= Exercise objective =
Each record below is to be output unchanged, and any picture is to be dropped.

= Material provided =
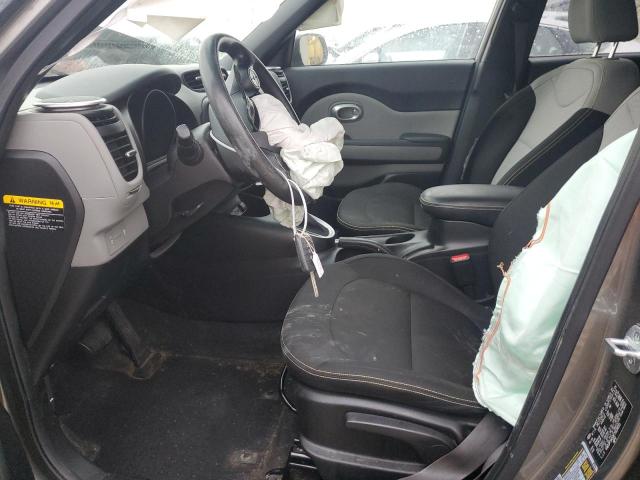 KNDJP3A53E7023055 - 2014 KIA SOUL + SILVER photo 7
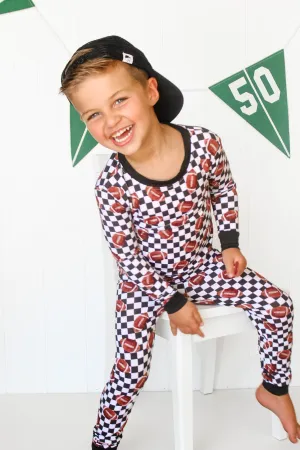 Checkered Football Dream Set Babykids_Dream-Big-Little-Co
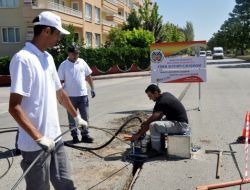 Malatya'ya 30 Kilometre Fiber Optik Kablo Döşendi
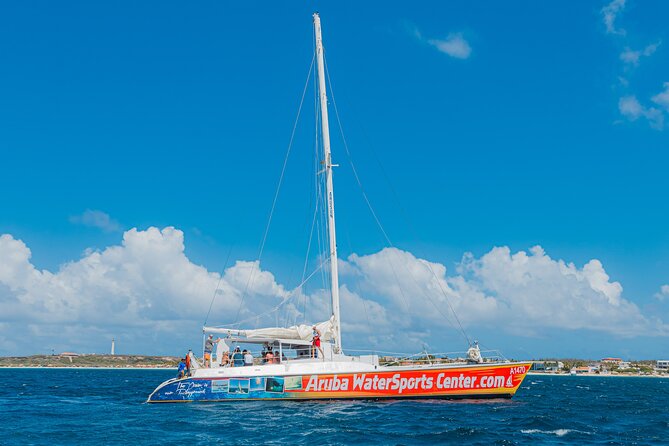 Aruba Sunset Sail - The Arusun Catamaran - Sunset views with music and an open bar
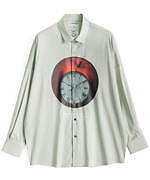 シャリーフの22年春夏新作“アップル”＆“ベリータルト”グラフィックのシャツとプルオーバー｜写真9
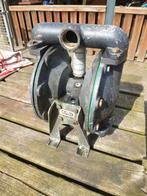 Aro dubbele membraanpomp / vloeistofpomp werkt op luchtdruk, Tuin en Terras, Ophalen of Verzenden, Gebruikt, Elektrisch, Overige typen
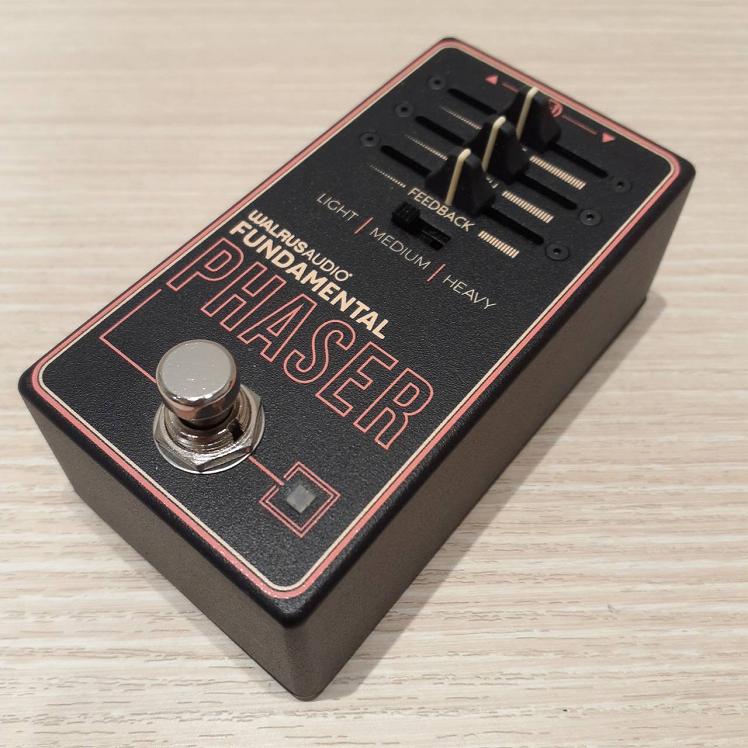 【中古】WALRUS AUDIO（ウォルラスオーディオ）/ WAL-FUN/PHA　Fundamental Phaser 【フェイザー】【USED】【イオンモール八千代緑が丘店】(2500003182386)｜島村楽器　USED SHOP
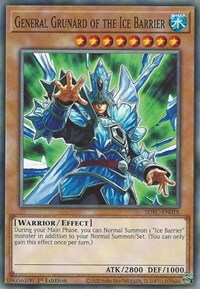 General Grunard of the Ice Barrier [SDFC-EN018] Common | Gamers Paradise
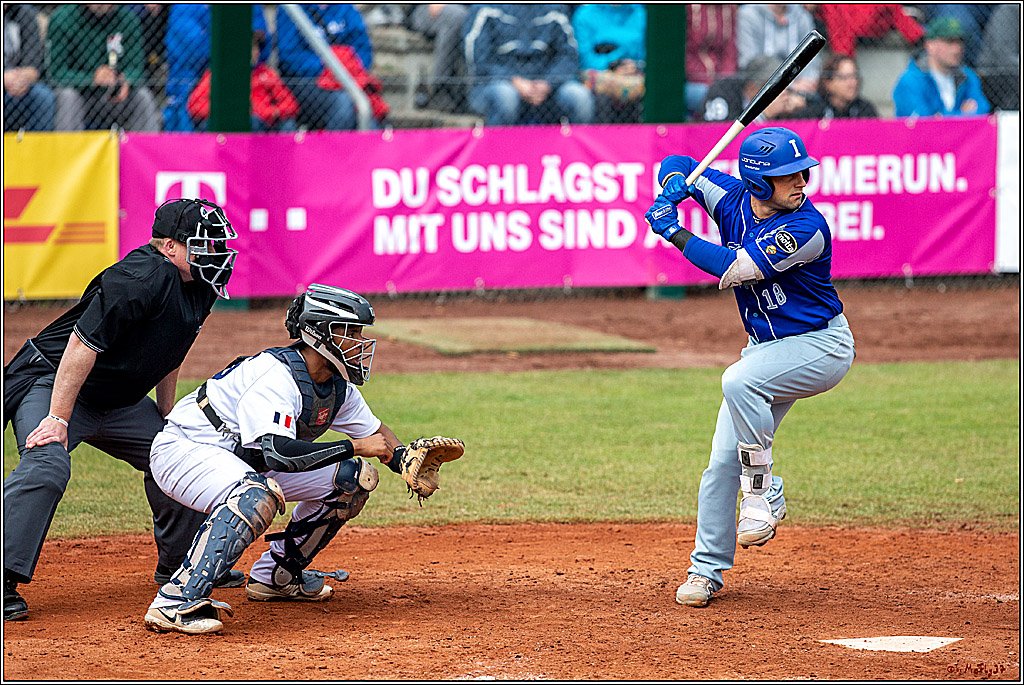 35. European-Championship-Baseball Italy-France 16-2, 07.09.2019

= Reply to the exercise =
 KNDJP3A53E7023055 - 2014 KIA SOUL + SILVER photo 7
 Checkered Football Dream Set Babykids_Dream-Big-Little-Co
 Malatya'ya 30 Kilometre Fiber Optik Kablo Döşendi
 Aruba Sunset Sail - The Arusun Catamaran - Sunset views with music and an open bar
 シャリーフの22年春夏新作“アップル”＆“ベリータルト”グラフィックのシャツとプルオーバー｜写真9
 Aro dubbele membraanpomp / vloeistofpomp werkt op luchtdruk, Tuin en Terras, Ophalen of Verzenden, Gebruikt, Elektrisch, Overige typen
 【中古】WALRUS AUDIO（ウォルラスオーディオ）/ WAL-FUN/PHA　Fundamental Phaser 【フェイザー】【USED】【イオンモール八千代緑が丘店】(2500003182386)｜島村楽器　USED SHOP
 General Grunard of the Ice Barrier [SDFC-EN018] Common | Gamers Paradise
 35. European-Championship-Baseball Italy-France 16-2, 07.09.2019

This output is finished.